Unfortunately there's a byte-order inconsistency with hamba/avro here. Your CRC64 implementation produces a big-endian fingerprint [4].

The specification doesn't say anything about byte order or representation of fingerprints in the abstract (only for Single Object Encoding), but I wonder if it would be a good idea to be consistent to avoid interop surprises?
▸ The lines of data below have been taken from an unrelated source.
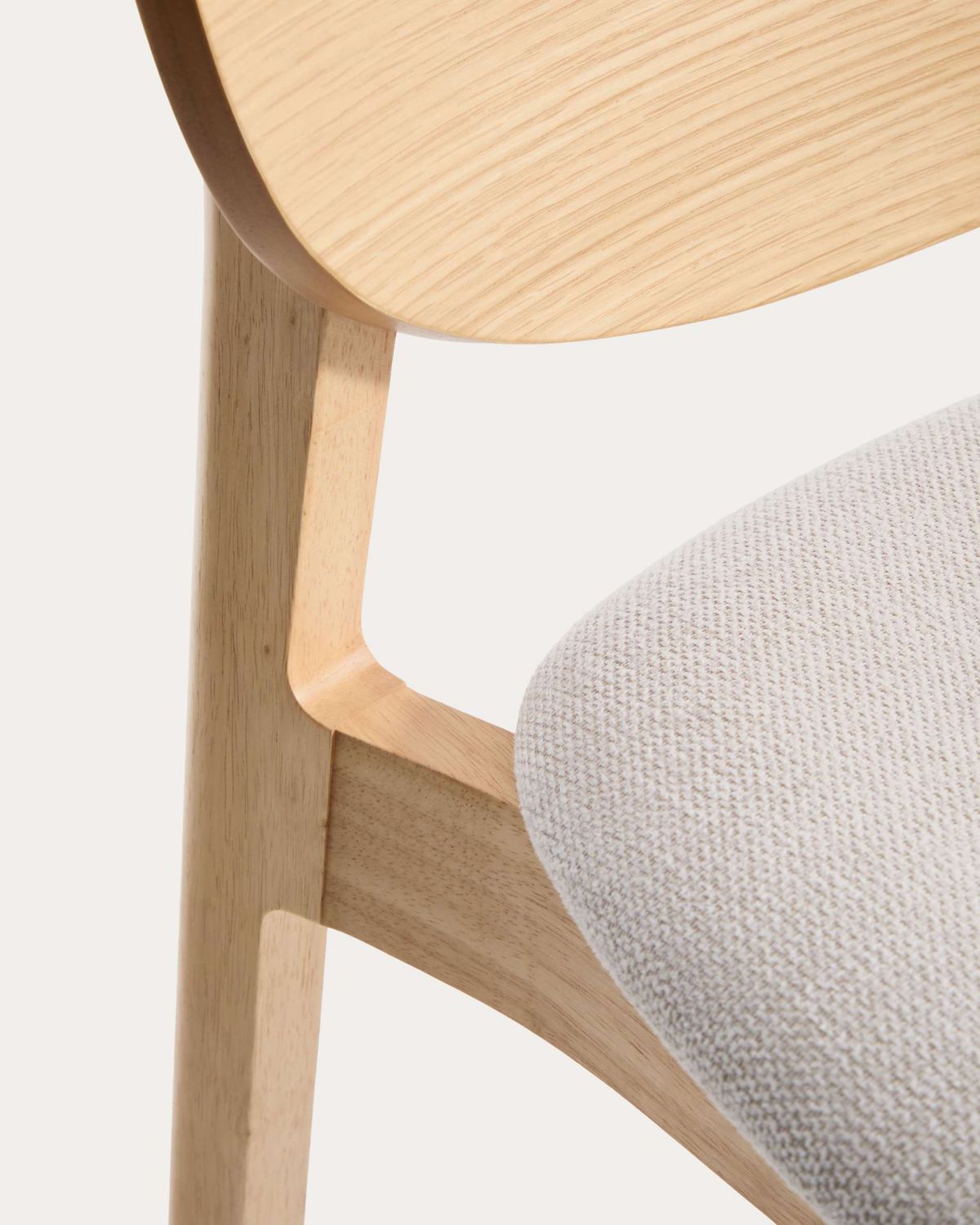 Taburete Ludara de chapa de roble y chenilla beige 65 cm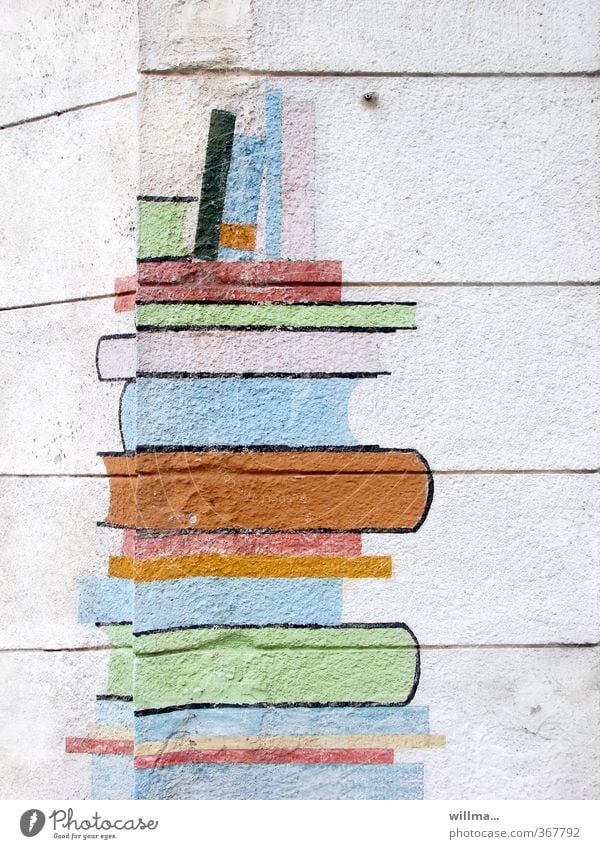 Bücherstapel oder Leseecke Buch Bildung Erwachsenenbildung Schule lernen Medien Printmedien Bibliothek lesen Mauer Wand Fassade Hausecke Aktenordner Literatur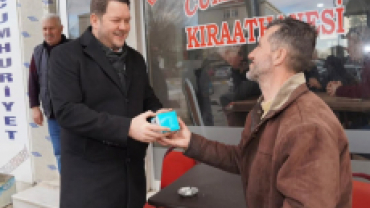 Miraç Kandili Münasebetiyle Hemşehrilerimize Kandil simiti ikramında bulunduk.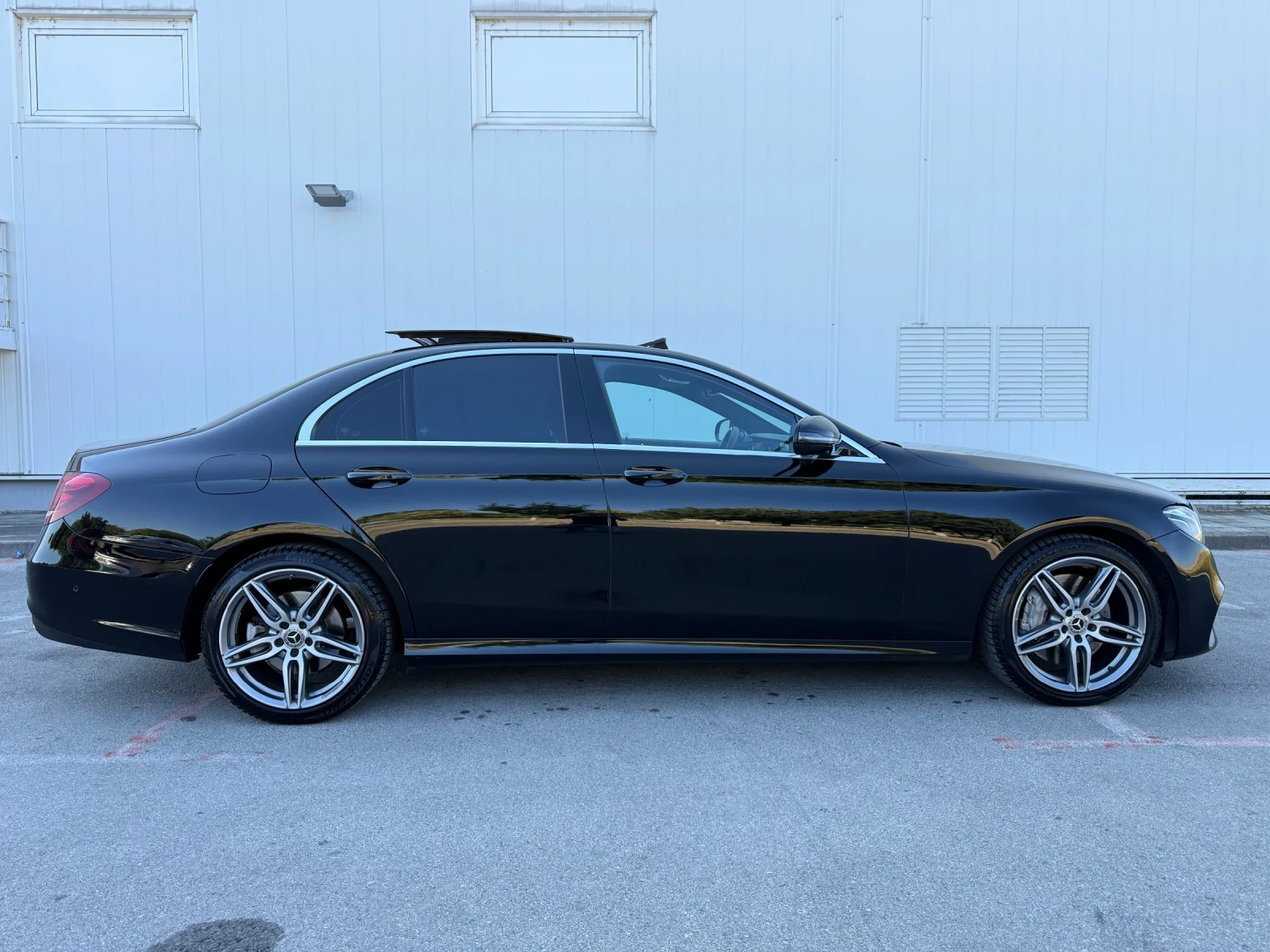 Mercedes-Benz E 350 AMG DESIGNO 4D BURMESTER HuD PANORAMA MULTIBEAM , снимка 6 - Автомобили и джипове - 55663377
This is a breaking change, of course, so if that's a concern, would you consider taking patches for a separate little-endian fingerprint type avro.CRC64LE? Or would you prefer to turn the default? Or leave it to clients, maybe with a doc update somewhere? I'm happy to do the work if you guide me as to what changes you'd prefer (if any).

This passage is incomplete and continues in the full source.